NEWDELHI: The United States has clarified that it has no plans to place caps on H-1B work visas for nations that force foreign companies to store data locally.
”This review is not targeted at a specific country,” the US Government said in a statement, according to.
Allaying fears that the proposed caps on H-1B work visas will affect the Indian skilled workers most, the US Government statement said, ”It is completely separate from our ongoing discussions with India about the importance of ensuring the free flow of data across borders.”
The clarification from the US government comes in the wake of media reports claiming the Donald Trump Administration is considering to put caps on H-1B work visas for nations that force foreign companies to store data locally.
This had widened the ongoing row between the two countries over tariffs and trade.
The report on US’ plan to restrict the popular H-1B visa programme, under which skilled foreign workers are brought to the United States each year, came days ahead of US Secretary of State Mike Pompeo`s visit to New Delhi.
India, which has upset companies such as Mastercard and irked the US government with stringent new rules on data storage, is the largest recipient of these temporary visas, most of them are given to the Indian IT sector employees.
The report came as trade tensions between the United States and India resulted in tit-for-tat tariff actions in recent weeks. From Sunday, India imposed higher tariffs on some US goods, days after Washington withdrew a key trade privilege for New Delhi.

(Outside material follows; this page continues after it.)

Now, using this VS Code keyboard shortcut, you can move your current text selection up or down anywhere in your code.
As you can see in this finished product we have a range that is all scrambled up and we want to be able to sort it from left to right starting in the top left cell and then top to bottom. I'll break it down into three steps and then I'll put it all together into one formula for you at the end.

Two senior Indian government officials were quoted by Reuters as saying that they were briefed last week on a US government plan to cap H-1B visas issued each year to Indians at between 10% and 15% of the annual quota.
However, there is no current country-specific limit on the 85,000 H-1B work visas granted each year, and an estimated 70% go to Indians.
Both officials said they were told the plan was linked to the global push for “data localisation”, in which a country places restrictions on data as a way to gain better control over it and potentially curb the power of international companies. US firms have lobbied hard against data localisation rules around the world.
Most affected by any such caps would be India`s more than USD 150 billion IT sector, including Tata Consultancy Services and Infosys Ltd, which uses H-1B visas to fly engineers and developers to service clients in the United States, its biggest market.
Major Silicon Valley technology companies also hire workers using US work visas.
In the wake of the report on H-1B visas, the Ministry of External Affairs sought an “urgent response” from officials on how such a move by the United States could affect India.
The Narendra Modi Government had last year made it compulsory for foreign firms to store their payments data “only in India” for supervision amid ongoing work on a broad data protection law that would impose strict rules for local processing of data it considers sensitive.
This has disappointed the Trump Administration, which is of the opinion that the US companies such as Mastercard and Visa are suffering due to regulations in several countries for storing more data locally.
While governments the world over have been announcing stricter data storage rules to better access data in their jurisdictions, critics say restricting cross-border data flows hurts innovation and raises companies` costs.